Eventually Dinah got caramelised rice pudding with roast quince. Sounds good. Tasted of nothing. "It could be porridge," observed Dinah. My dessert was floating island with creme anglaise and hazelnuts. It also tasted of very little.
A woman, who seemed to be the manager, said: "We can do 100 people comfortably."
I felt like saying: "What are you talking about! You can't even serve 12 people properly!" But I just paid. Joanna still had her coffee. "Can I bring it with me?" she asked. "Anything to get out," I muttered.
I doubt if anyone in history has written more about a hotel than I have concerning Sandy Lane in Barbados.
I've sent hundreds of people there, and been myself for the last 24 Christmases, not only paying full price but booking directly. That means the hotel doesn't have to pay a hefty travel agent commission. I've never had as much as a free cup of tea.
So I was a bit surprised when their new chief executive, Michael Pownall, blew into London and didn't even phone me as his predecessors, and other hotel bosses, usually do. I'd never met him so I assumed the hotel's public relations group, Ann Scott Associates, would ask me to their party for him. They didn't. Apparently Ann Scott considered my visits to Sandy Lane were private. I'd say they're the most written about and publicised visits made by any hotel guest to any hotel in the world.
But Ann did me a favour. I regularly bin invitations to press parties for hotels and restaurants. I'll be satisfied with attending any "do" given by Sandy Lane's principal owner, Dermot Desmond, the most charming of hosts. There, mercifully, no journalists are to be seen.
I totally agree with your opinion about the redecorated Dorchester Grill Room (Winner's Dinners, November 13). It's like a tackily themed Scottish restaurant. You'd expect it in Alton Towers or Disneyland, but not the Dorchester. Perhaps someone was flogging a job lot of cheap tartan in Oxford Street and the Dorchester manager thought: "What a great idea!" Luckily the Sultan of Brunei has enough money to redecorate it again. I hope he reverses this travesty!
Lynn Whittlesea, Berkshire
I had to laugh when you said last week you thought £75.38 was an expensive lunch for two.

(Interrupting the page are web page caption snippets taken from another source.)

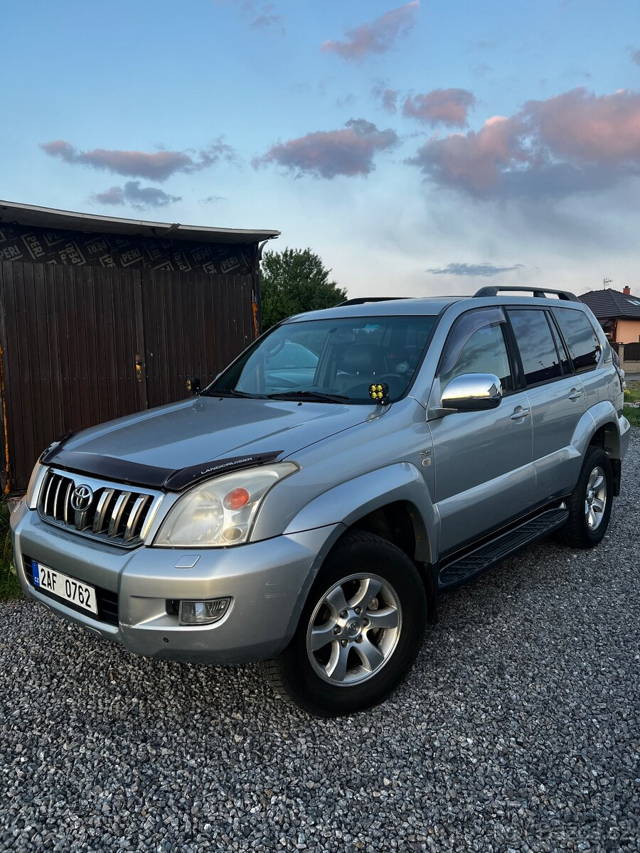 Toyota Land cruiser 120 Prado
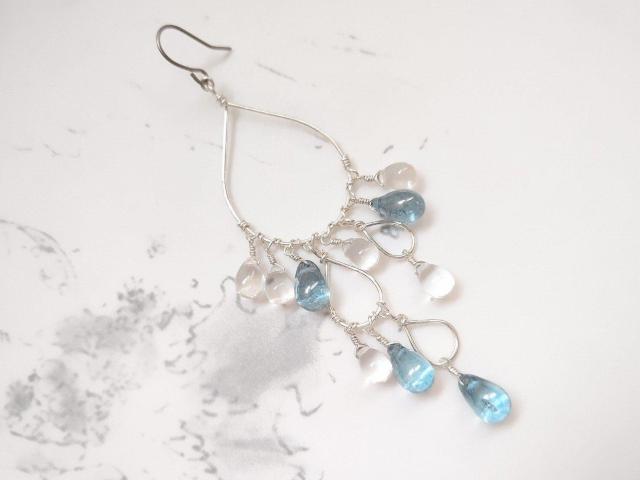 *雫のシャンデリア片耳用ピアス*SF 22042 < 女性アクセサリー/時計 *雫のシャンデリア片耳用ピアス*SF 22042 < 女性アクセサリー/時計の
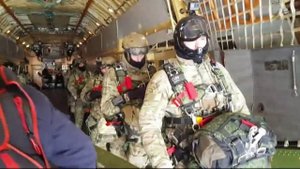 Десантирование группы спецназа из Ил-76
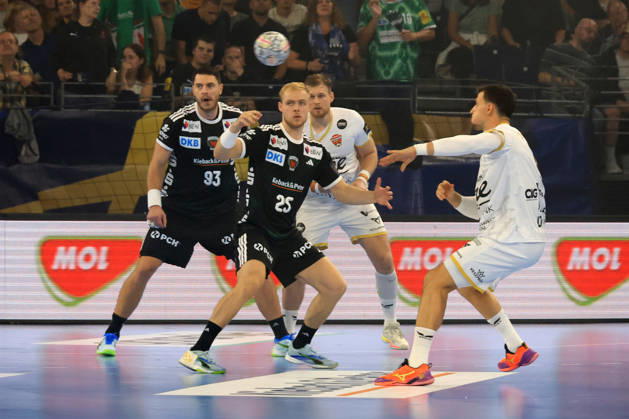 16.09.2026, GER Deutschland, Handball, EHF Champions League, 16.09.2026, Saison 2026 2027, Berlin, Fuechse Berlin vs Veszprem HC Mijajlo Marsenic ( Fuechse Berlin 93 ), Matthes Langhoff ( Fuechse Berlin 25 ), Hugo Descat ( Veszprem 9 ) nordphoto GmbH Engler Berlin Max-Schmeling-Halle Berlin Deutschland Copyright: xNordphotox xEnglerx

Please, please come over to Dublin and review some of our overpriced, overblown restaurants. It would thrill me to pieces if they were taken down a peg or two.
Olwyn Ni Chroinin, Dublin
They say money can't buy happiness. It seems it can't buy style either. Three thousand pounds for your jacket (Winner's Dinners, November 13) yet you and your companions still manage to look like a gang of plumbers on a golfing trip to the Algarve. I offer my apologies to plumbers.
Ian Bradwell, Kent
Are the managers of Glade blind, insane or just amateurish? In last week's photo the two waitresses had long, unkempt hair, which should have been tied back - and no arguments. I would find a lapse of that kind infuriating in the lowliest of greasy spoon cafes, let alone in Mayfair's finest!
Spencer May, Lancashire.
A brochure for the Salt House in St John's Wood mentioned pan-fried foie gras with mango tartlet. I phoned to book for the following day to be told foie gras was struck from the menu. The girl explained: "There are no mangoes." "Can I have foie gras by itself?" I asked. The girl retired, then returned and said: "Yes." When I arrived I said: "I've already ordered foie gras." "It's off," said the waitress."I was told I could have it without mango," I responded. I summoned higher authority. The manager, not a specimen whose looks or charm would cause the many attractive girls present to queue up, said: "We've not had foie gras on the menu for over a month." My irresistible force had come up against an immovable object.